Shoving in a screwdriver between or not back up the cylinder is just going to lead to the barrel spines loosing up (torque transfer to the barrel, or the finish on the cylinder being gouged).

When it’s all said and done, remember to grease the plug threads, and reinstall the plug to 15 in lbs.



Easy with the savage talk there, my use of the screwdriver happens a couple feet away from the gas cylinder, and is a common accepted way to persuade the op rod out of newish '14 types.
Link Posted: 3/10/2006 6:07:25 PM EDT
Link Posted: 3/10/2006 8:33:14 PM EDT

Originally Posted By Dano523:

Originally Posted By bishopm14:
my use of the screwdriver happens a couple feet away from the gas cylinder



That's the problem,

The cylinder needs to be backed up right next to the gas plug or you end up transferring torque threw the barrel (the spines) and cause problems down the road.

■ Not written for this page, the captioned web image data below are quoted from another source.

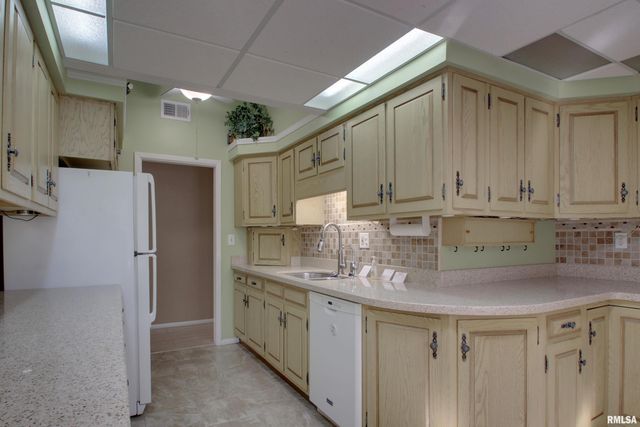 328 Lincoln Hill NW, Quincy, IL 62301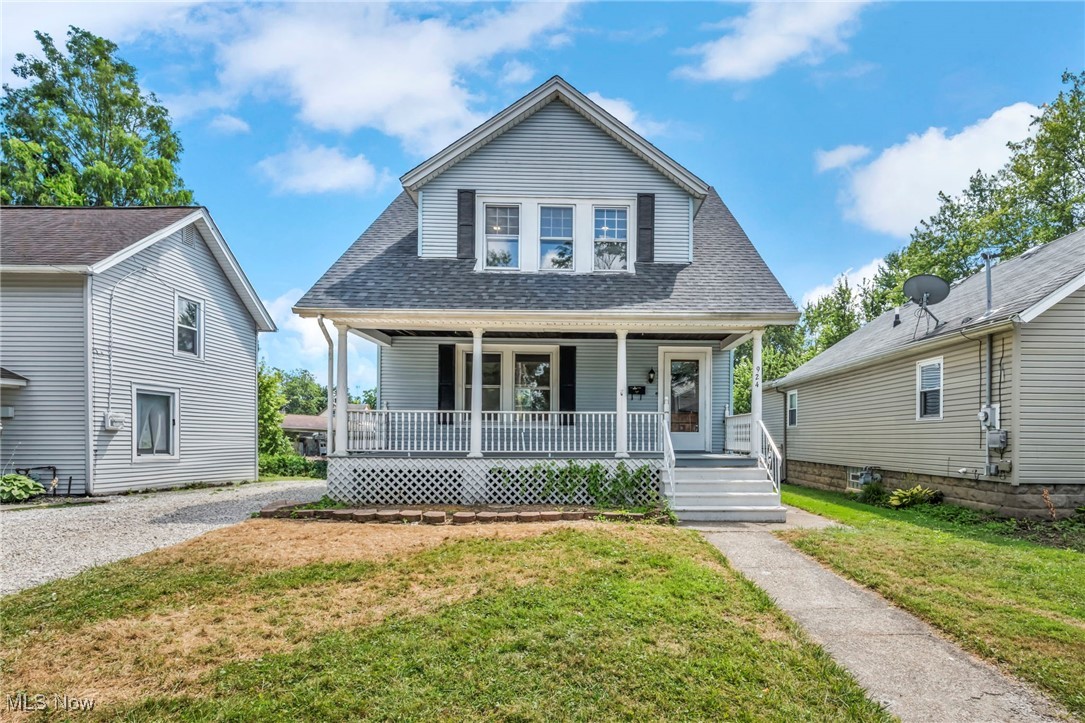 Welcome to 924 Walnut St in Elyria! This charming 3-bedroom home is move-in ready with updated flooring throughout, fresh paint, and a beautifully renovated bathroom. Enjoy year-round comfort with central AC and a recently purchased furnace. Major updates include a brand-new roof and updated electrical system, offering peace of mind for years to come. Don’t miss this well-maintained gem—schedule your showing today!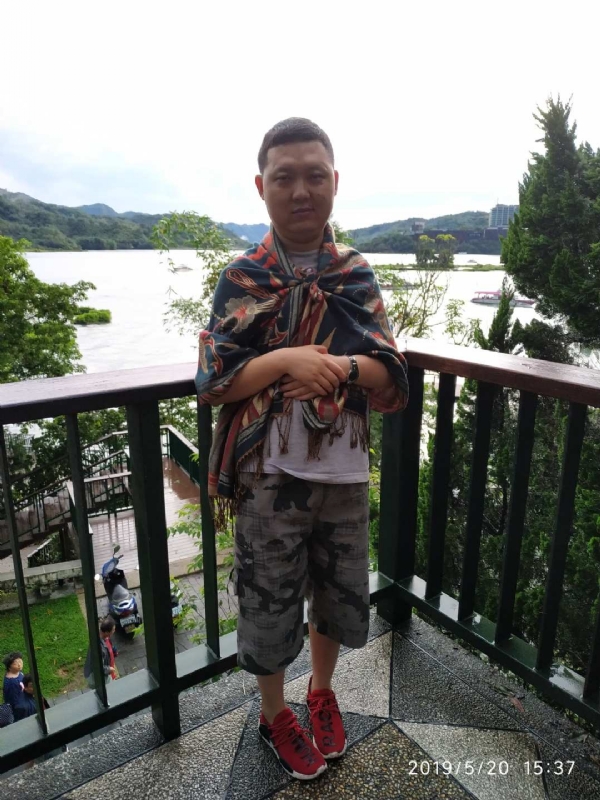 爱情里的俩个人的第一张照片--南阳相亲服务中心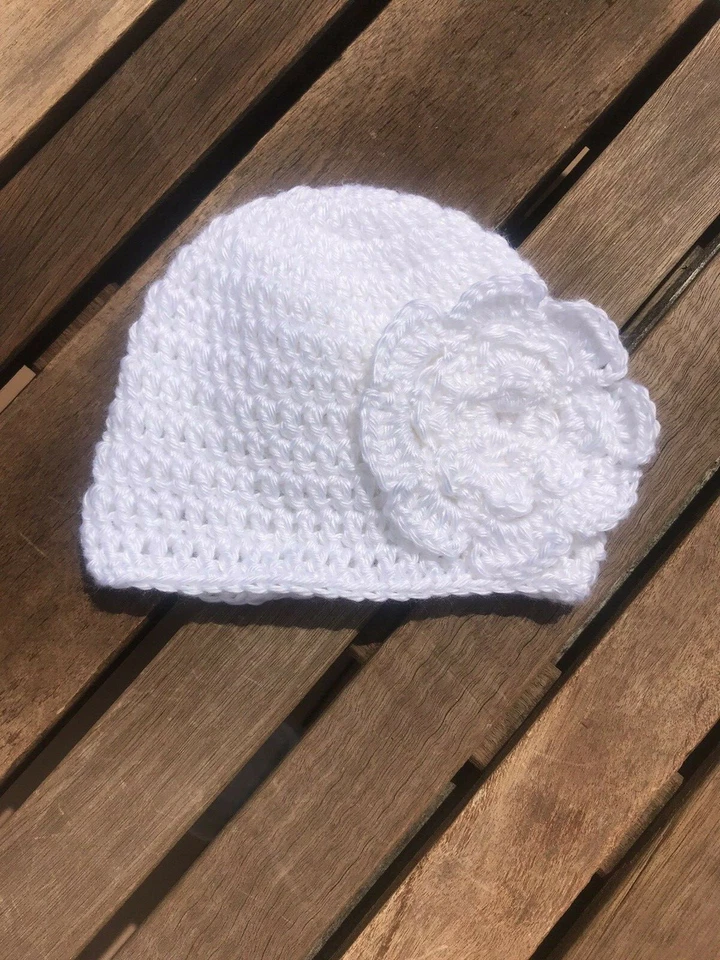 Conjunto de chapéu de bebê com capa de flor e fralda 3-6 meses Nova malha branca feita à mão - Imagem 4 de 4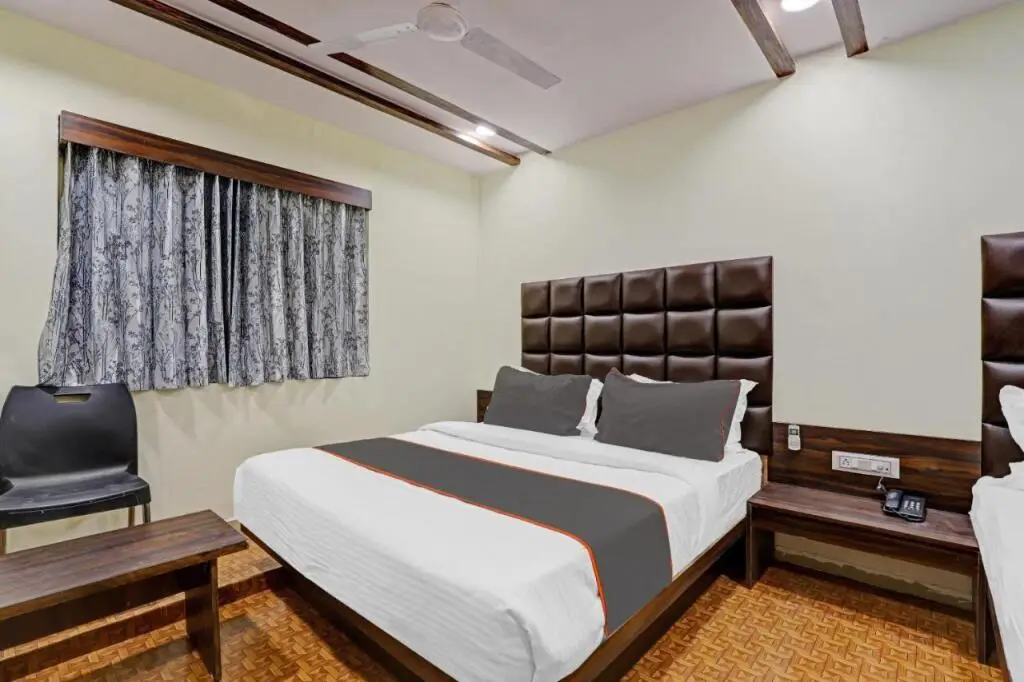 Сурат: Collection O 85802 Hotel Laxmi Kuber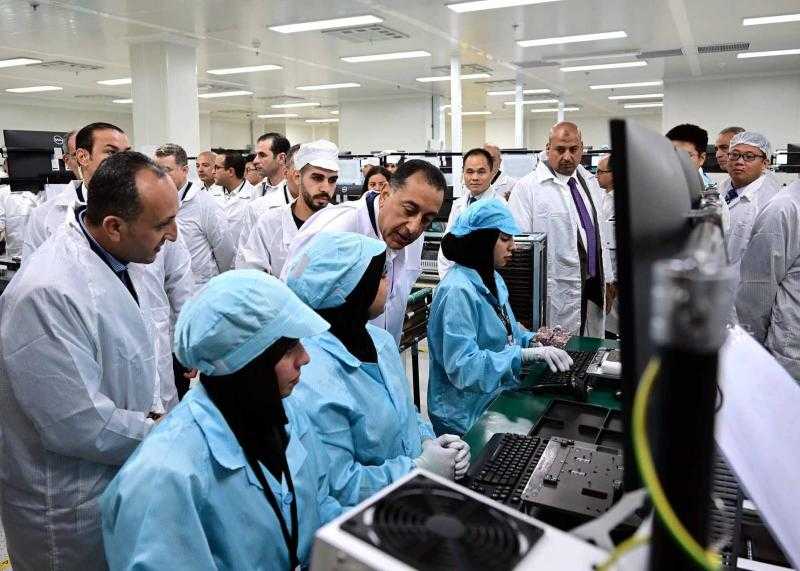 رئيس الوزراء يفتتح مصنع شركة ”أوبو” العالمية فى مصر لتصنيع الهواتف المحمولة بالعاشر من رمضان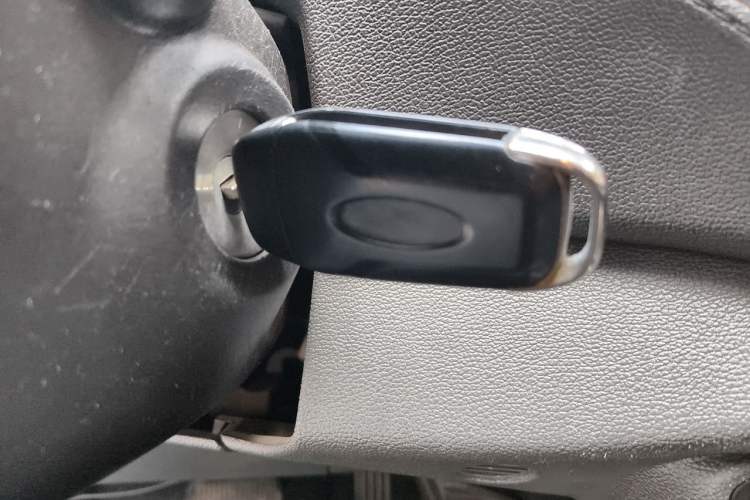 Used Ford Escort 2015 1.5L Automatic Fashion Model Vehicle Key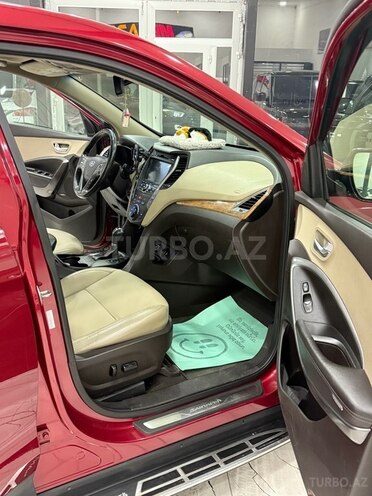 Hyundai Santa Fe-15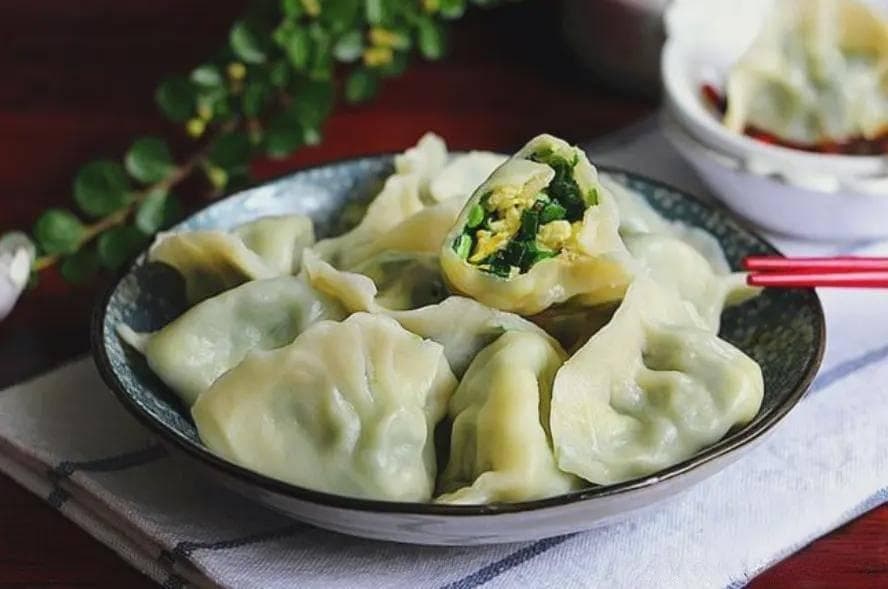 调韭菜鸡蛋馅，只放2样调料，韭菜翠绿又鲜美，不出水不烧心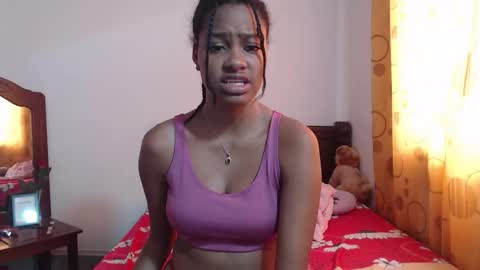 Snapshot of stormihills chatting on 01-05-26, 06:11 Sweety Stormi online show from 01-05-26, 06:11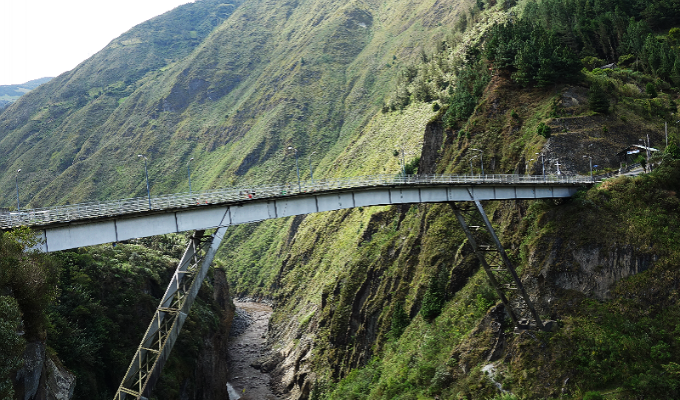 Pareja cae al río Pastaza desde el puente San Francisco, en Baños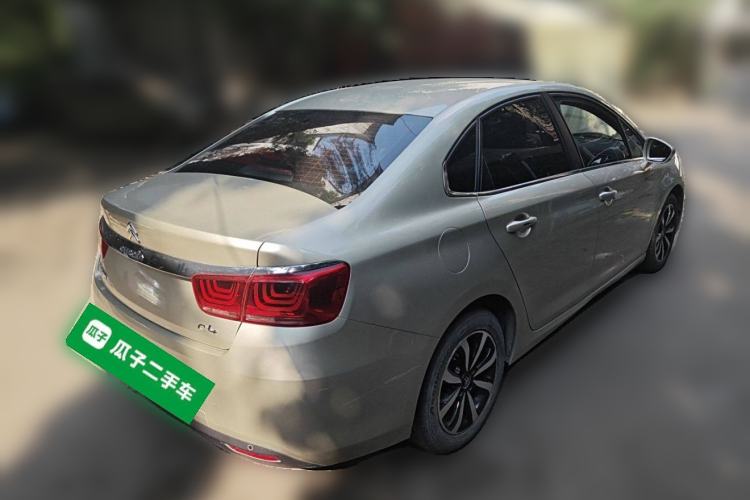 Used Citroen C4 Sega 2016 1.6L Manual Luxury Model Exterior 5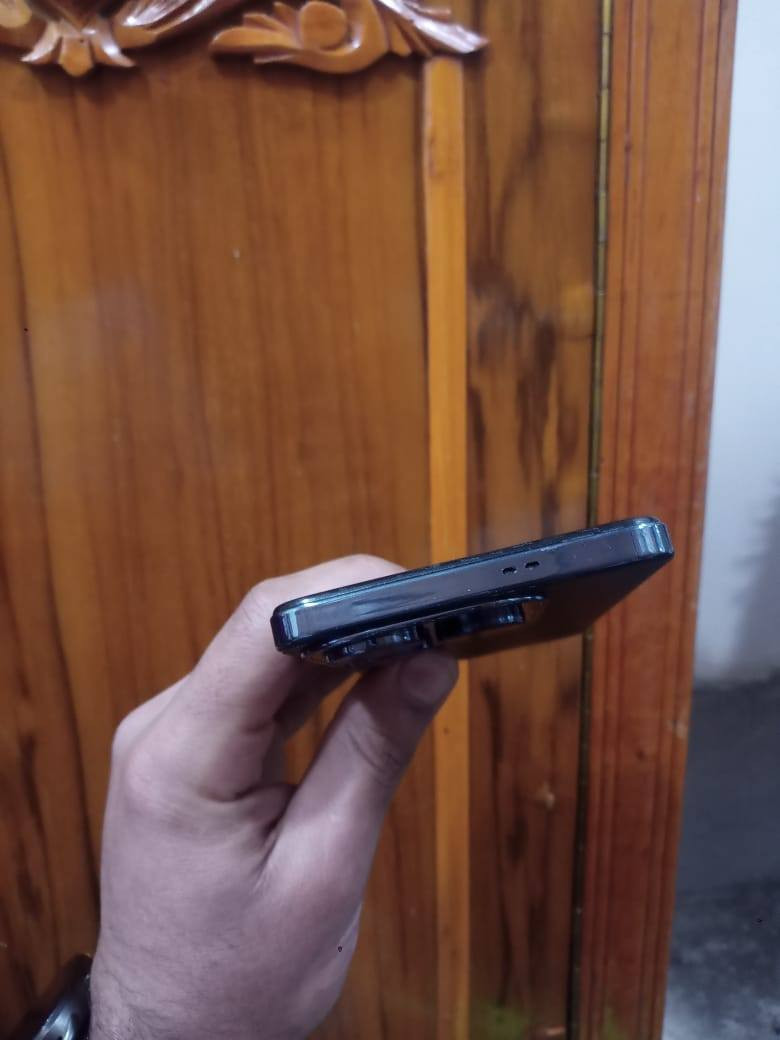 سلام عليكم انفكس هوت  40برو نضيف مثل ما موضح كدمكم معارضه مع اكس ماكس أو بيع حسب القناعه***********
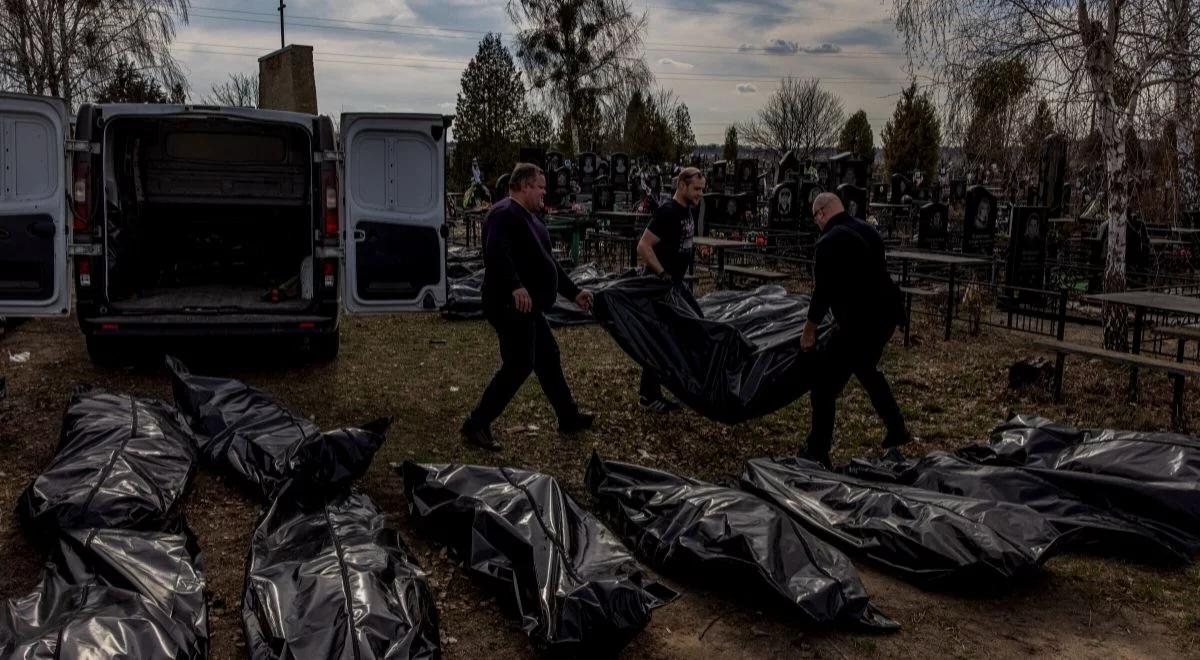 Ekshumacje zbiorowych mogił w Buczy. "Ciała mają obrażenia z broni palnej"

Okay, we have a real failure to communicate here. My use of the screwdriver is pertaining to RedLabel's question in the second reply about getting the op rod out of the track, not in any way at all related to the gas cylinder question MSG posted. Yeah, maybe the second question belonged in its own thread, but that's not how it happened.
The need to "persuade" the op rod out on new '14 types is pretty well known, and using a padded blade or similar tool on the rear of the op rod is common.

But yes, you and the others are spot on about using the proper wrenches on the gas cylinder and plug. In civilian non combat use, there's really no excuse not to use the right tools.

Now, in the spirit of good cheer and all, I won't make any of my normal remarks like "typing real slow so I can be understood" or anything. Nope, not gonna do that at all...
Link Posted: 3/13/2006 3:28:09 PM EDT
It sounds like we're all in violent agreement here.

Stuck plug? Apply a couple drops of penetrating oil and let it set a couple of hours. If you own a wrench, you ought to own a bottle of penetrating oil (I mean Kroil or Marvel's Mystery Oil but not WD40). "More torque" seems to be the more popular (and often more expensive) solution.